Abstract
Accumulation of activated neutrophils at the feto-maternal interface is a defining hallmark of intrauterine inflammation (IUI) that might trigger an excessive immune response during pregnancy. Mechanisms responsible of this massive neutrophil recruitment are poorly investigated. We have previously showed that intraamniotic injection of LPS in rhesus macaques induced a neutrophil predominant inflammatory response similar to that seen in human IUI. Here, we demonstrate that anti-TNF antibody (Adalimumab) inhibited ~80% of genes induced by LPS involved in inflammatory signaling and innate immunity in chorio-decidua neutrophils. Consistent with the gene expression data, TNF-blockade decreased LPS-induced neutrophil accumulation and activation at the feto-maternal interface. We also observed a reduction in IL-6 and other pro-inflammatory cytokines but not prostaglandins concentrations in the amniotic fluid. Moreover, TNF-blockade decreased mRNA expression of inflammatory cytokines in the chorio-decidua but not in the uterus, suggesting that inhibition of TNF-signaling decreased the inflammation in a tissue-specific manner within the uterine compartment.
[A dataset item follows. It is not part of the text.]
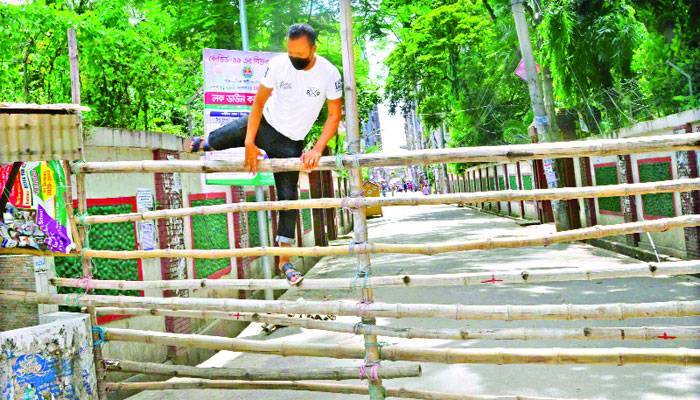 লকডাউন এড়াতে ওয়ারীর অনেকেই এলাকাছাড়া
Taken together, our results demonstrate a predominant role for TNF-signaling in modulating the neutrophilic infiltration at the feto-maternal interface during IUI and suggest that blockade of TNF-signaling could be considered as a therapeutic approach for IUI, the major leading cause of preterm birth.
Highlights
About 25–40% of preterm births (PTB) are associated with intrauterine infection (IUI) [1] and other studies suggest that inflammation is implicated in as many as 90% of very early PTB [2]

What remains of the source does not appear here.